**DATA EXTRACT:**
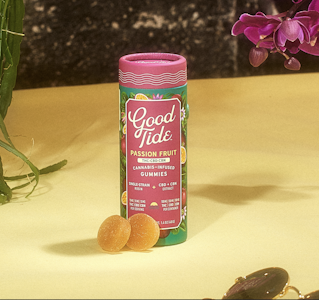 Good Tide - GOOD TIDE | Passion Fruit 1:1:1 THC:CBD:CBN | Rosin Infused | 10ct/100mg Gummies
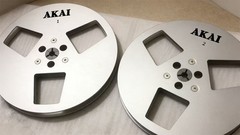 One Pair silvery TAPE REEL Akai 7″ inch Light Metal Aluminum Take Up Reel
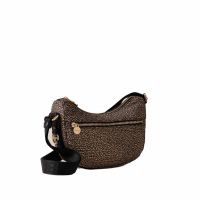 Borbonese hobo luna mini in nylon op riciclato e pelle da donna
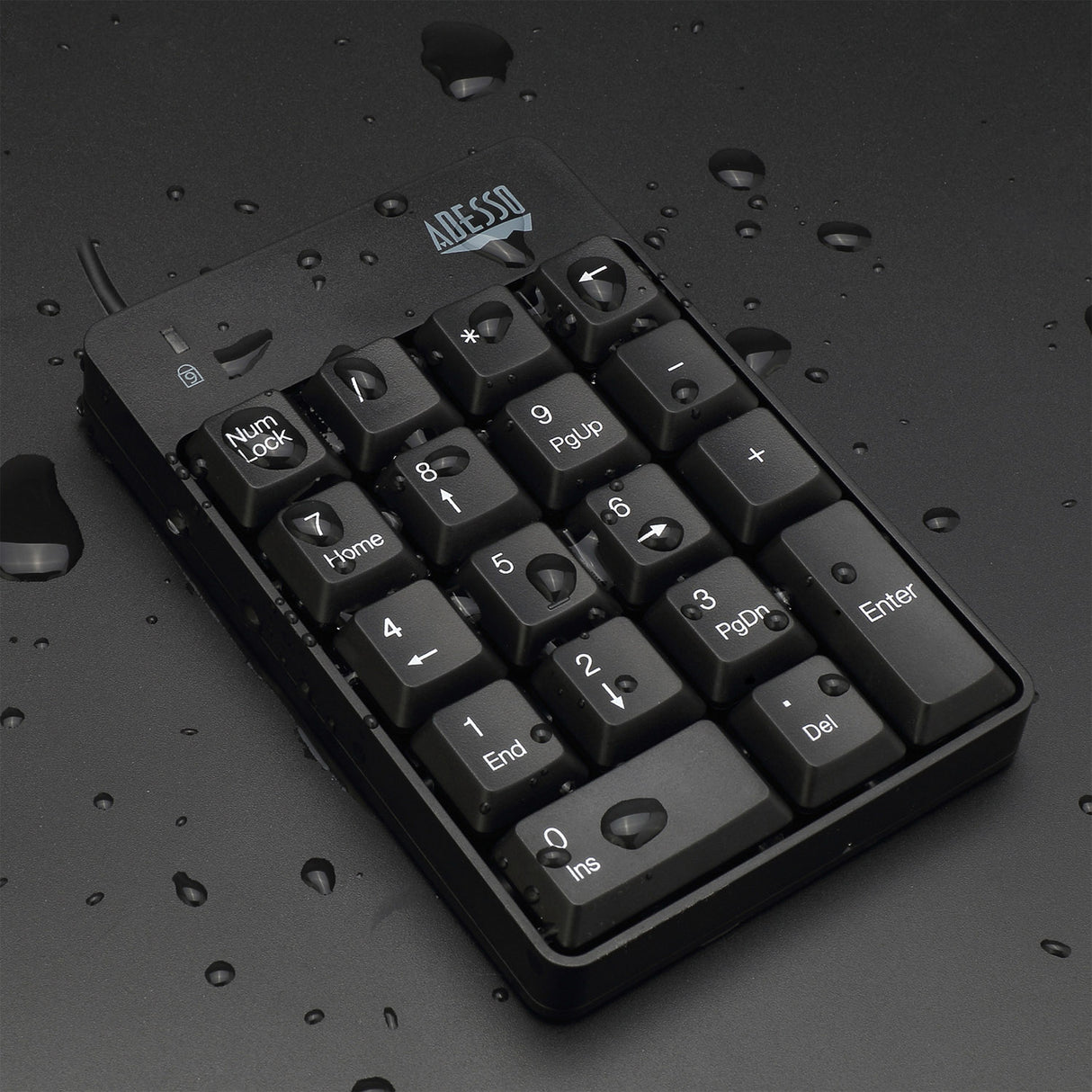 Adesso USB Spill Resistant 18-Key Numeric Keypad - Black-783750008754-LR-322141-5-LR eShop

**YOUR ASSIGNMENT:** Once the pictures are set aside, please output all the data word for word.

**EXPECTED ANSWER:**
 Good Tide - GOOD TIDE | Passion Fruit 1:1:1 THC:CBD:CBN | Rosin Infused | 10ct/100mg Gummies
 One Pair silvery TAPE REEL Akai 7″ inch Light Metal Aluminum Take Up Reel
 Borbonese hobo luna mini in nylon op riciclato e pelle da donna
 Adesso USB Spill Resistant 18-Key Numeric Keypad - Black-783750008754-LR-322141-5-LR eShop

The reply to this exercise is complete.